You can find the trained model here:
Studeni/reranker-msmarco-v1.1-ModernBERT-base-listnet

Observations on Loss

I noticed that the loss is slightly higher (~2.0). Through research and testing, I found that this discrepancy arises due to differences in distribution:

Ground truth labels are binary, which results in a sharp distribution.
Our CrossEncoder outputs discrete values, leading to a different distribution compared to the ground truth.
This mismatch explains the higher loss value.

One possible solution is to apply a transformation to the predicted distribution to better align it with the ground truth.
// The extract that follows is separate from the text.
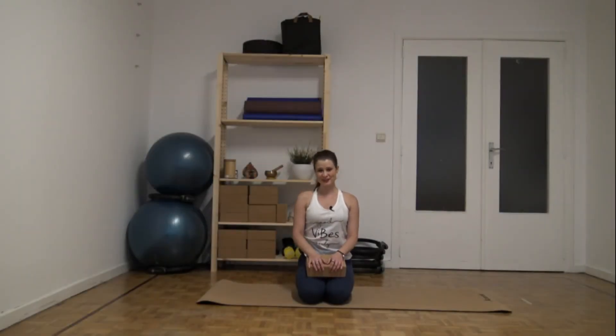Hi everyone! We are continuing with the exercises to strengthen the back. Today we review what to do with a yoga block.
However, for now, I think this is sufficient. Instead of refining this approach further, I’d prefer to integrate more listwise loss functions that are known to outperform ListNet.

Additionally, I assume that combining MSE and ListNet loss could yield better results by leveraging the strengths of both approaches. I can explore this further.
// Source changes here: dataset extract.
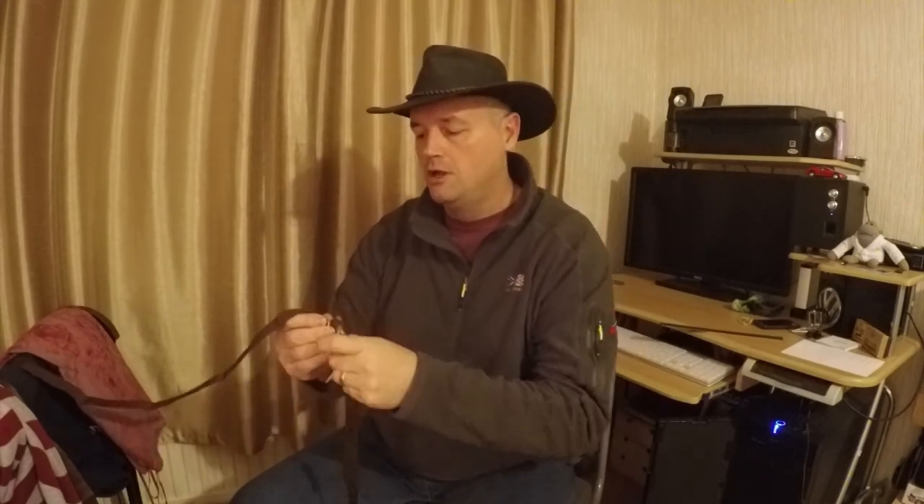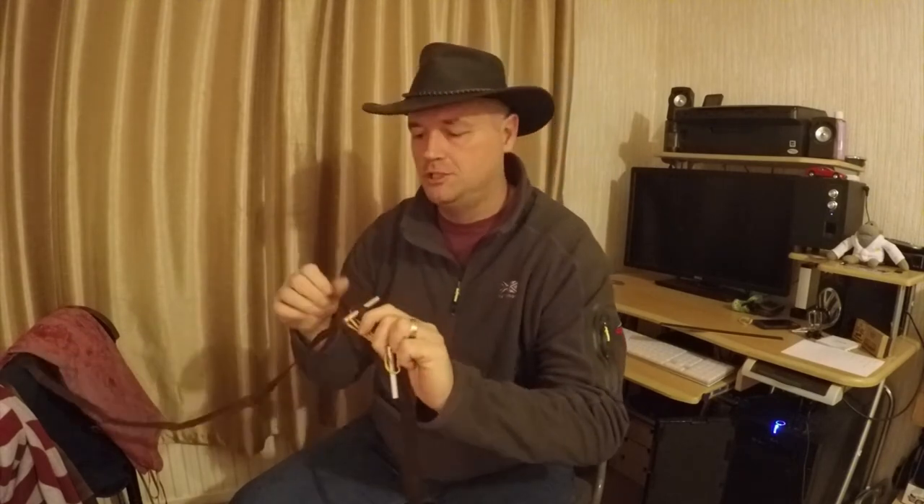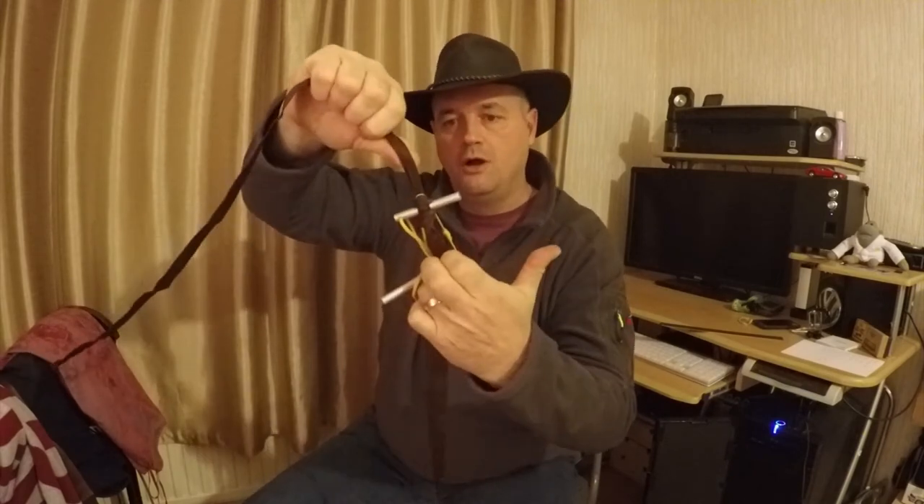So for example, this is your whoopee sling — it will go over the knot. It doesn't show very well but there you go, it's on the knot, not on the aluminium tubing. And that will hold steadfast, not a problem.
Issue with Missing Values in Evaluation CSV

While training, I noticed missing values in the evaluation CSVs.

Example from CERerankingEvaluator_NanoMSMARCO_results_@10.csv:

epoch,steps,MAP,MRR@10,NDCG@10
0.17214666896195557,2000,0.04166666666666666,0.0654804137172179
0.34429333792391115,4000,0.2629365079365079,0.32231584858096596
0.5164400068858668,6000,0.417079365079365,0.4742922970864457
0.6885866758478223,8000,0.45016666666666666,0.5006481726476146
0.8607333448097779,10000,0.49913492063492065,0.5646165118665413
1.0328800137717336,12000,0.49426984126984125,0.5609090407025468
1.205026682733689,14000,0.4636349206349206,0.5413296770100868
1.3771733516956446,16000,0.4563809523809524,0.5233662617261322

Here, we expect five columns, but only four values appear in some rows.
Initially, I suspected that NDCG was missing, but after further inspection, I believe MAP is missing. This issue occurs in all evaluation CSVs.

Has this happened in your training as well? I used the same (or a very similar) setup from your MS MARCO training example.

tomaarsen · 2025-02-17T12:59:13Z

I'll investigate the CSV issue, that one is definitely on me.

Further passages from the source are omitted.